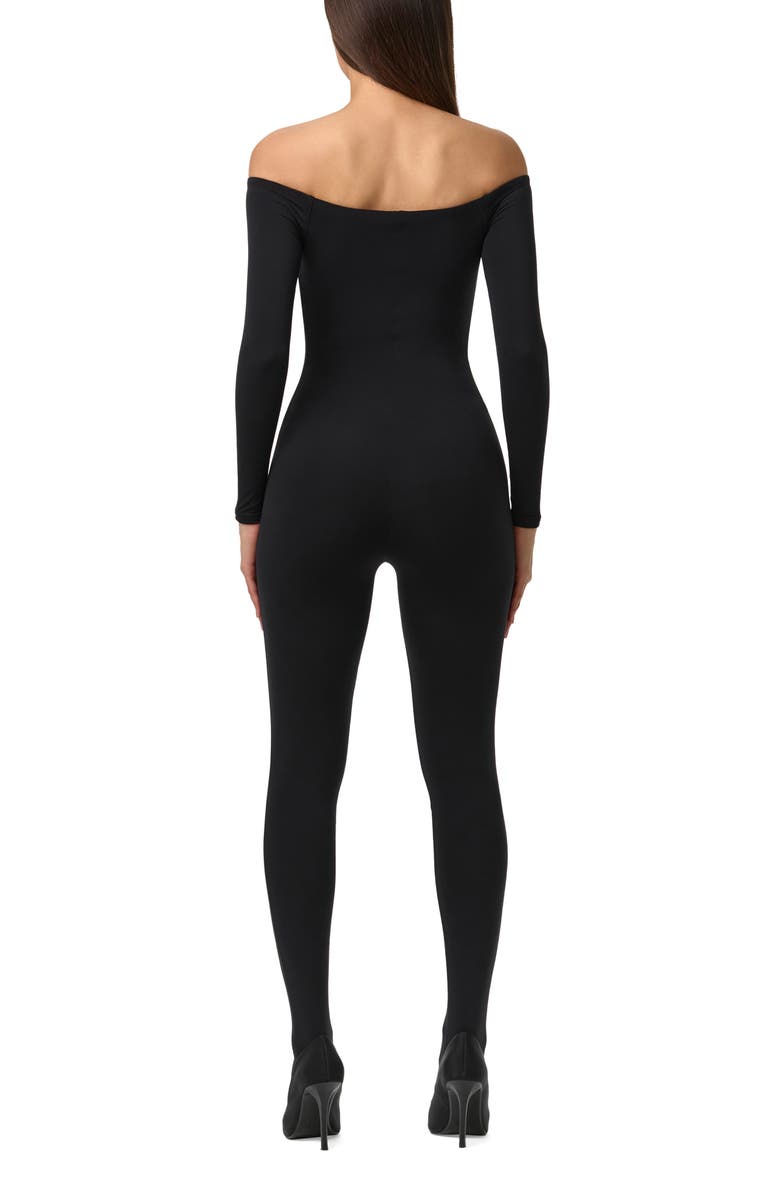 Naked Wardrobe Off the Shoulder Long Sleeve Stirrup Jumpsuit, Alternate, color, Black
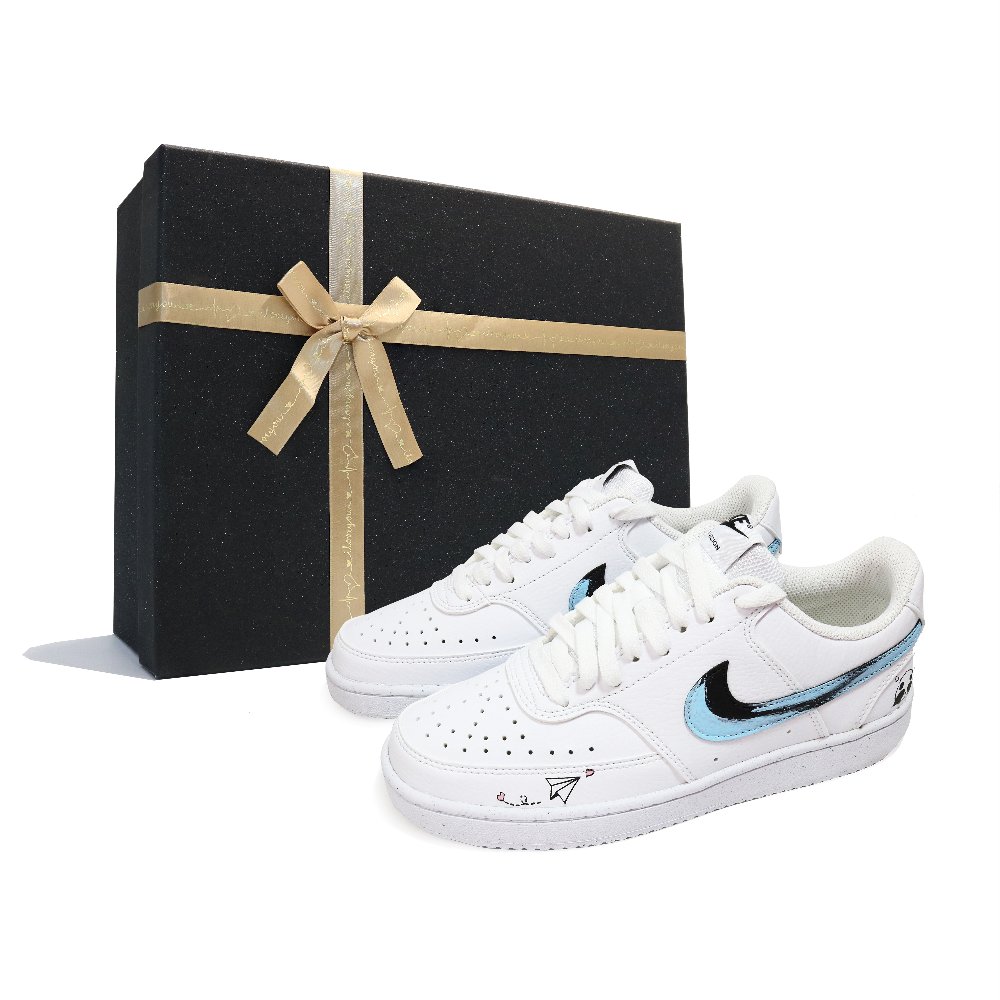 Nike Court Vision 1 Stopping At You, Box Anti Slip Wear Resistant Low Top Skateboard Shoes Unisex White Blue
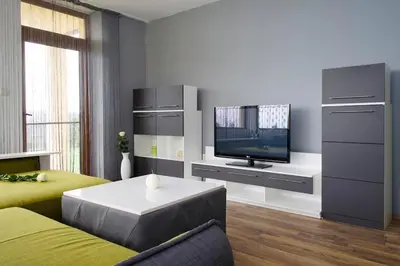 a living room with a tv and a couch at Villa SeaBreeze in Varna City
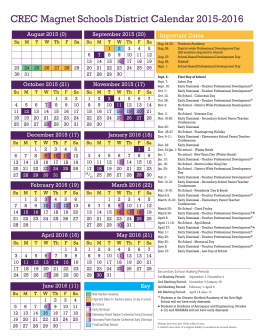2015-16 CREC Magnet Schools District Calendar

● **What is needed**
Write out the material above exactly; no pictures.

● **Your solution**
 Naked Wardrobe Off the Shoulder Long Sleeve Stirrup Jumpsuit, Alternate, color, Black
 Nike Court Vision 1 Stopping At You, Box Anti Slip Wear Resistant Low Top Skateboard Shoes Unisex White Blue
 a living room with a tv and a couch at Villa SeaBreeze in Varna City
2015-16 CREC Magnet Schools District Calendar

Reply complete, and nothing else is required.